Reports said that Robert King, U.S. special envoy for North Korean human rights issues, will lead a U.S. fact-finding mission to North Korea early next week to assess the food situation in the impoverished North.
"We're considering sending Ambassador King to North Korea to do our own assessment, which is a part of any food assistance program that we would implement," spokesman Mark Toner said. "We continue to assess the need for food assistance to North Korea and we're looking at a possible trip. But again, no firm dates."
North Korea recently appealed to the U.S. for food aid, suspended two years ago over a lack of transparency in the distribution and mounting tensions after the North's nuclear and missile tests.
The United Nations last month appealed for 430,000 tons of food for North Korea to feed 6 million people stricken by floods and severe winter weather. A U.N. monitoring team concluded a fact-finding mission in North Korea early last month.
Toner reiterated that any food aid will be made on humanitarian, not political, grounds.
"Our food-assistance program is, as I talked about yesterday, is done in a very objective fashion, divorced from any other policy concerns," he said. "It's consistent with our desire to aid humanitarian or provide humanitarian assistance where it's needed."
The spokesman dismissed criticism that the suspension of food aid to North Korea by South Korea and the U.S. aggravated the food situation in the North.
"It's important to recognize that North Korea is largely responsible for the situation it's in," Toner said. "It's caused by bad policies and the misallocation and mismanagement of resources. And also just to remind folks that in 2008 we did have our food assistance program kicked out of there."
South Korea appears to be more stringent in resuming food aid.
Critics say North Korea is exaggerating its food shortages to hoard food in preparation for the 100th anniversary of the birth of its late leader, Kim Il-sung, next April 15.
As a condition to providing food and reopening the six-party talks, held last in December 2008, South Korea wants the North to address its grievances over the sinking of a South Korean warship and the shelling of a border island that killed 50 people last year.

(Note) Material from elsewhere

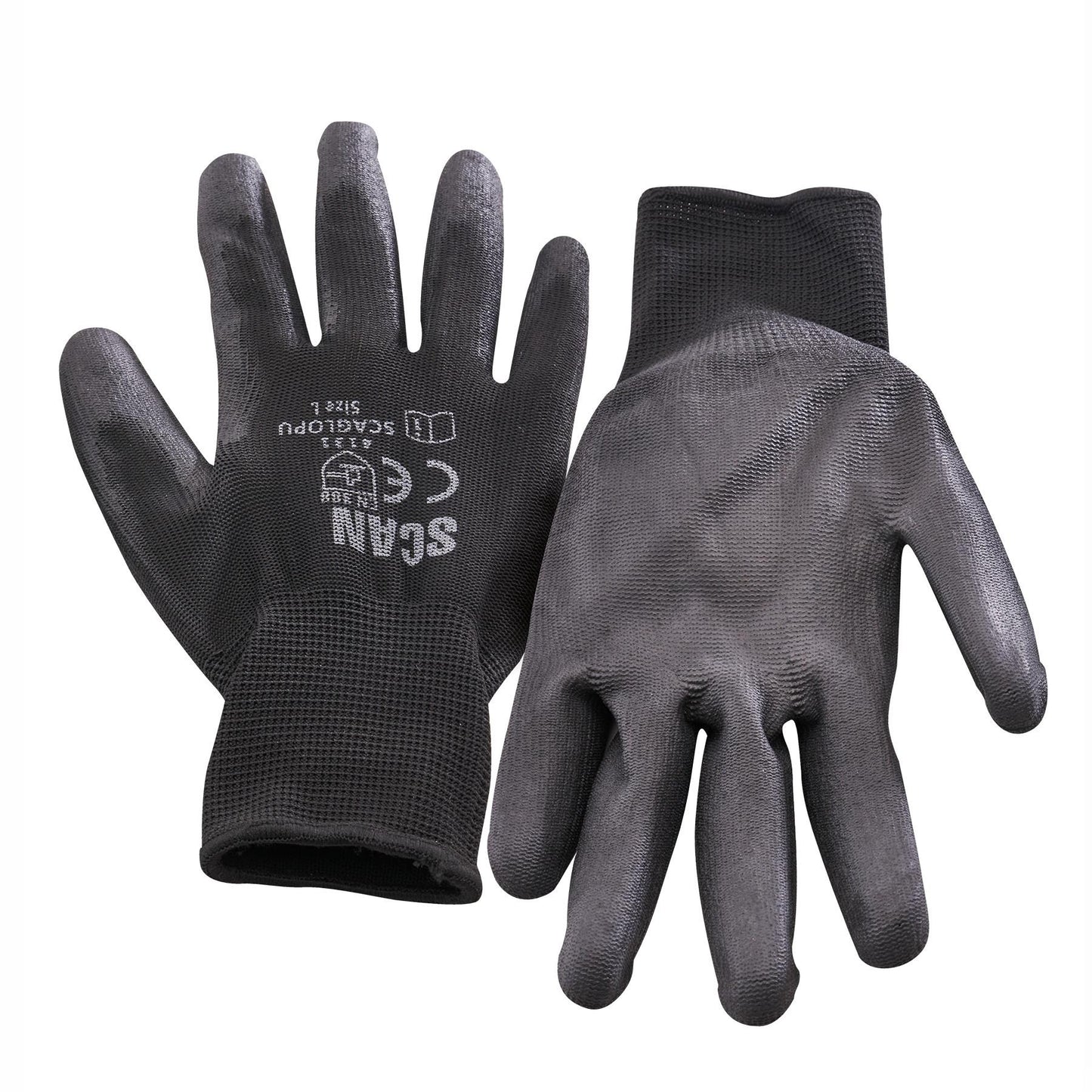 Scan Black Pu Gloves Pack Of 5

In an incremental approach toward the nuclear talks' resumption, South Korea and China recently called on North Korea to have a bilateral nuclear dialogue with South Korea and then another bilateral discussion with the U.S. ahead of any plenary session of the six-party talks. The North has not yet responded to the proposal.
Toner, meanwhile, called on China to allow the U.N. Security Council to release a report on North Korea's proliferation of missile technology.

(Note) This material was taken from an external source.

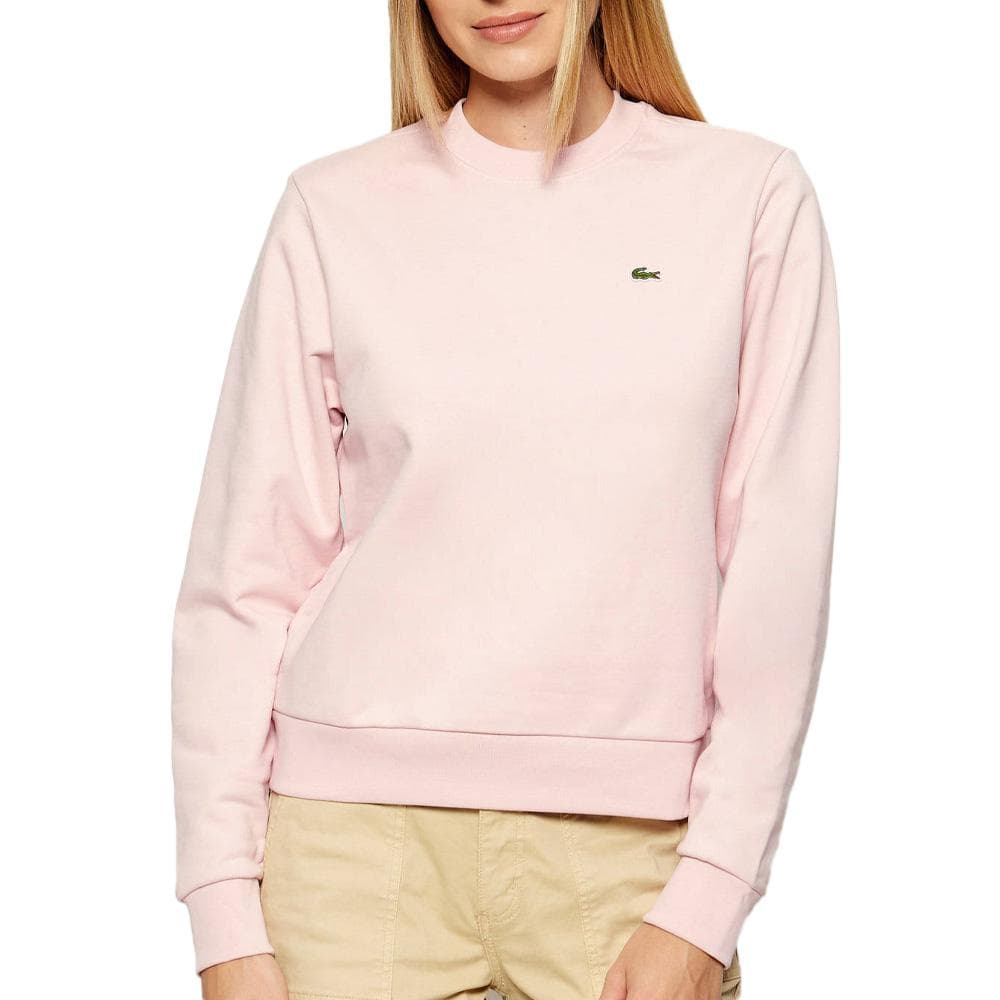 Sweat Rose Femme Lacoste Relaxed Fit Fleece 1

He said the U.S. wants the report prepared by a U.N. experts' panel monitoring sanctions on North Korea to be released "so that other countries can be aware of its contents."
"North Korea's sharing of this kind of technology has long been of concern to the United States," he said. "I don't want to talk about the report specifically because it hasn't been released yet, but we continue to call for its release."
The report alleges that North Korea has continued proliferating missiles and their parts to Iran and other countries in violation of international sanctions.
The sanctions were imposed under U.N. Security Council resolutions adopted after North Korea tested nuclear bombs and test-launched ballistic missiles in 2006 and 2009.
The report has not yet been officially released due to opposition from China, North Korea's staunchest communist ally. All 15 Security Council members need to sign it before its release.
Iran has denied the report alleging it received missile technology shipments from North Korea through a third country, which diplomats say is China. Tehran insists it has sufficient technology to develop missiles on its own.
A similar report by the panel was delayed for six months until November, when China finally gave a green light to its publication.